I went to the pet store and saw albino cories, took back 2 of them but i then went on aqadvisor and it said i needed 4 cories for them to be good. I have a 21 gallon stocked as below except that on the picture it is a 20 gallon. Do you think i should get 2 more even though it said i need more filtration and that my stock is only at 85%? What would you do?


----------



## LebronTheBetta (Apr 23, 2012)

Hm.. There should be minimum of 4 cories, no matter what species.

Okay, first off, I'd put back ALL the mollies (they're brackish) 1-2 platies, and add in 2 more bettas and 2 more cories. So this should be the optimum stocking:

- 5x Female Betta 
- 4x Albino Corydoras
- 3-4 Platies
- 0 Mollies --- They're brackish water, and they're immune systems get weaker.

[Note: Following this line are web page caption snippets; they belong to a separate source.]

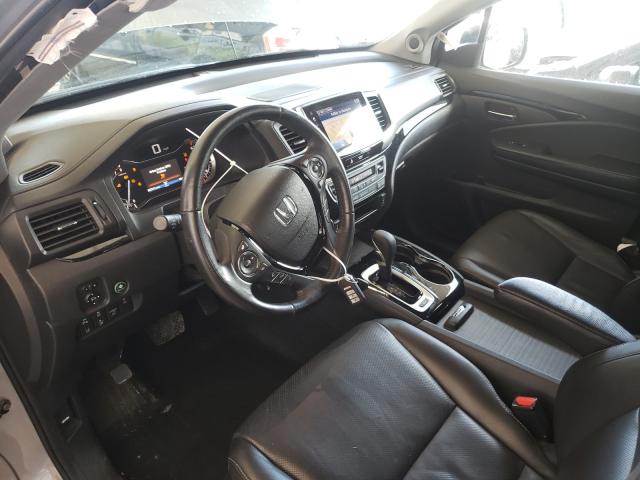 2018 HONDA RIDGELINE 5FPYK3F77JB013857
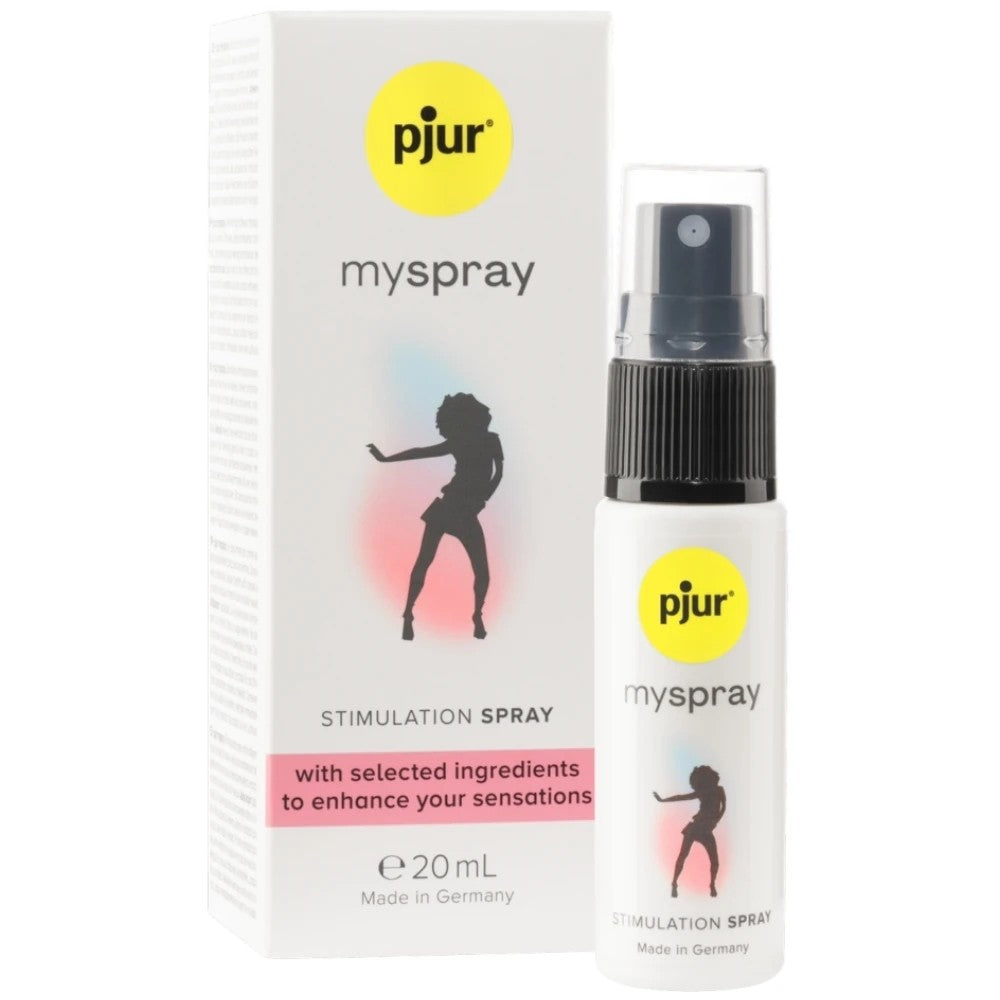 Pjur My Spray 20 Ml Stimulation Kadın Sprey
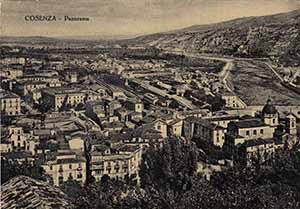 Historical images from Stignano area and Calabria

Is your tank planted? It's cycled? Temperature? IMHO, your original stocking plan was overstocked.


----------



## WhiskeyHands (Dec 2, 2012)

Well the mollies have been in there for a long time so the fish store wont take them back. The tank is heated, cycled and have some live plants and hiding spots.
For once they also had female bettas and they were my primary plan but the lady said it was better i do not take any because they were sick and dying. There were lot of dead bettas in the tank. 

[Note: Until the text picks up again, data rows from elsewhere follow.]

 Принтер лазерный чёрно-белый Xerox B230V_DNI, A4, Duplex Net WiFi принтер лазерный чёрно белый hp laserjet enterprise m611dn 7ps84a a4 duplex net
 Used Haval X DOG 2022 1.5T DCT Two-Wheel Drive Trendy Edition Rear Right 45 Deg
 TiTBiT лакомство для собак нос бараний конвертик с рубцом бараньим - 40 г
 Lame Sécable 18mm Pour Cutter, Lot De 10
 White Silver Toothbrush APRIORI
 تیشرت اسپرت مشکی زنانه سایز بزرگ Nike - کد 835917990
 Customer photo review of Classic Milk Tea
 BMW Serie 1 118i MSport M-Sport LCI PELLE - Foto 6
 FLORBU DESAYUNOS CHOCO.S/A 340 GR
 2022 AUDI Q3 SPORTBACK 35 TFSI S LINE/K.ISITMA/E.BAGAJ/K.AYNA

For the cories, i'll try to get 2 more but first lets think of a way to unstock a bit.
I have a 29 gallon with 2 baby fancy goldfish, a 5 gallon with a betta and a 10 gallon with a betta and 5 red cherry shrimps. None of these would work would it?


----------



## LebronTheBetta (Apr 23, 2012)

In the 10G with the betta and the shrimp, you can put in 3 platies. That's the maximum there is to it, I don't think any of the other tanks could put up with much.


----------



## WhiskeyHands (Dec 2, 2012)

Are platies shrimp friendly?


----------



## LebronTheBetta (Apr 23, 2012)

Erm... I think all fish _aren't _shrimp friendly. I heard RCS are really easy to breed, were they hard to get? I think it's worth the risk.


----------



## Bombalurina (Oct 10, 2011)

Alternatively, just plant or filter more and add the cories to the main tank. AqAdvisor is pretty conservative. 4 cories wouldn't cause that much of a problem if you are doing the necessary water changes, and since they are bottom-dwellers they won't be swimming in the other fishes' areas.


----------



## Kiara1125 (Feb 1, 2011)

I think that it would be fine to just add two more cories and that be that. Mollies are very hardy, no matter what water they live in. They can live in fresh, brackish, or saltwater. I don't believe it's right to tell someone to get rid of fish that they've had for quite some time. Your fish should be fine in that tank. Like I said, I would just have a school of 4 cories and keep everything else the same. All my fish (bettas, livebearers, tetras, minnows, danios, and goldfish) are good with my red cherry shrimp. I see juveniles crawling around, so they have to be reproducing alright. I wouldn't worry too much about things. AqAdvisor is always strict and yelling at people over nothing. lol It used to say that *1* otocinclus affinis would COMPLETELY stock a 55g tank. Uh ... NO! xD I don't listen to it, ever. I trust my instinct. Your stocking depends on the filtration, the size, and how often you change the water. NOT on what some website or strict people say. I just do what I think is right and I haven't had a problem so far. That doesn't mean that you aren't allowed to ask questions and seek advice. I don't mean to seem harsh to anyone or anything, I'm just being mildly blunt. lol


----------



## Olympia (Aug 25, 2011)

I would add 2 female betta and 3 more cories. 
Mollies are pretty sensitive to nitrate, from what I've heard. 

With planted tanks, I will stock them up to 200% no problem on aqadvisor.


----------



## Melodica (Dec 2, 2012)

As far as platies and shrimp - my fiance has a 29 gallon with six platies (4 females, 2 males), three albino cories and a few shrimp and everyone seems to be happy and get along. 

We laugh because the two male platies (both red wag that we purchased and kept in a tank alone for a while) stick together and pretty much ignore all the females.


----------